My son is 8 and has been taking Adderall for about 1.5 years. The medication is SO helpful with his focus, but he already had some difficulty sleeping, and the medication just makes it even harder (super common side effect, I know). Recently we increased his dosage--supervising distance learning showed me that his previous dosage, while it helped, wasn’t helping enough! Sure enough, the higher dose is helping with schoolwork, but making sleep a bigger struggle.

I’ve looked up articles online but they all have the same suggestions.

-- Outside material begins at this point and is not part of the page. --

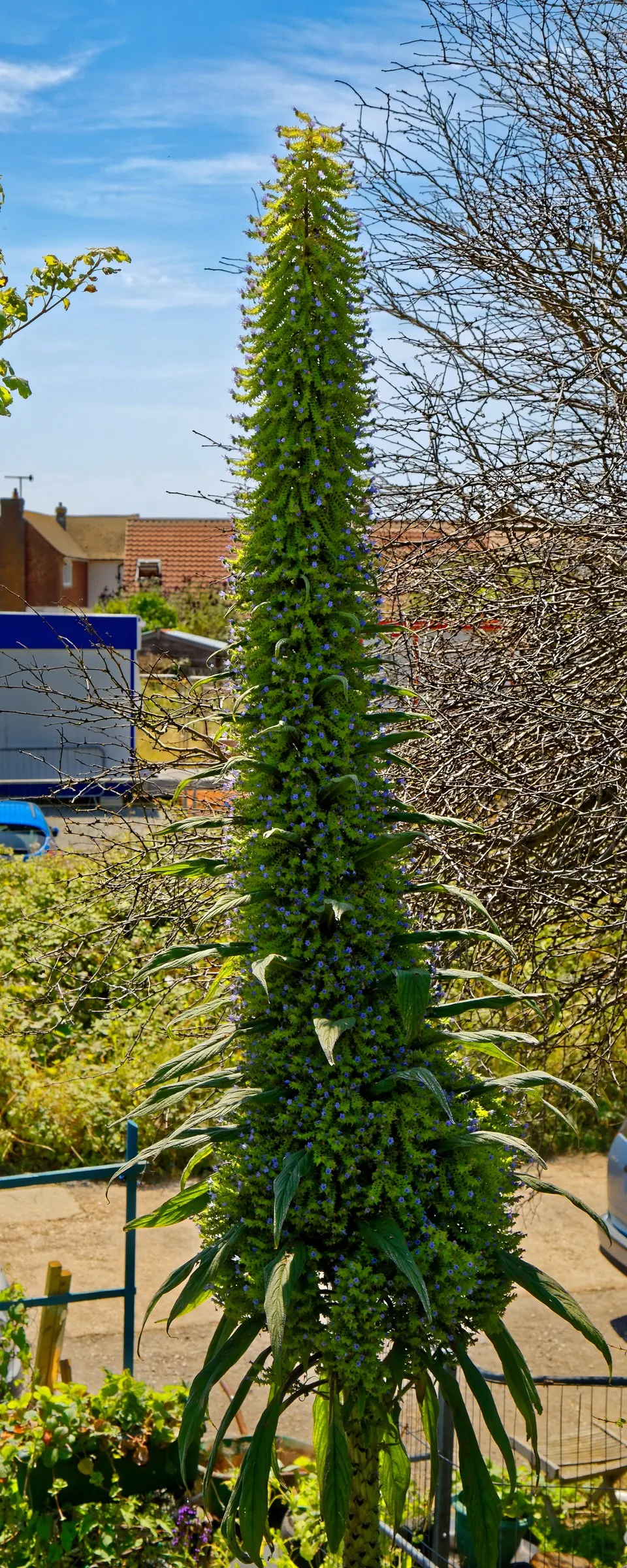 Tree Echium (Echium Pininana) — enhancing the biodiversity of the space; best in USDA zones 9-11, it thrives in full sun and well-drained soil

Parents of kids with ADHD kids—and folks with ADHD yourself—please tell me what has helped you?

Here’s what we already do:

-Adderall as early as possible (around 7:45am, right after breakfast)
-No screens within 4 hours of bedtime (limited screen time in general, distance learning stuff notwithstanding)
-Melatonin 1 hour before bed
-Relaxing bedtime routine of bath and reading
-Consistent bedtime
-Blackout curtains and white noise machine
-Exercise (usually)-though with the air quality unfortunately he’s not getting much exercise right now

I'm wondering if we need to tweak something we're already doing--like a higher dose of melatonin, or more exercise--if either of these have helped you, can you tell me how much exercise you need to get the positive effects, or how much melatonin you take?

Are there any calming exercises that helped you? Specific apps or resources you like?

Some articles mention deep touch pressure therapy or weighted blankets--wondering if those are worth investigating?

Did prescription sleep meds help? What type, and what were the side effects? I’m reluctant to go down this road but I don’t want to rule them out if all else fails.

Any other tips or suggestions are also welcome!

Thank you!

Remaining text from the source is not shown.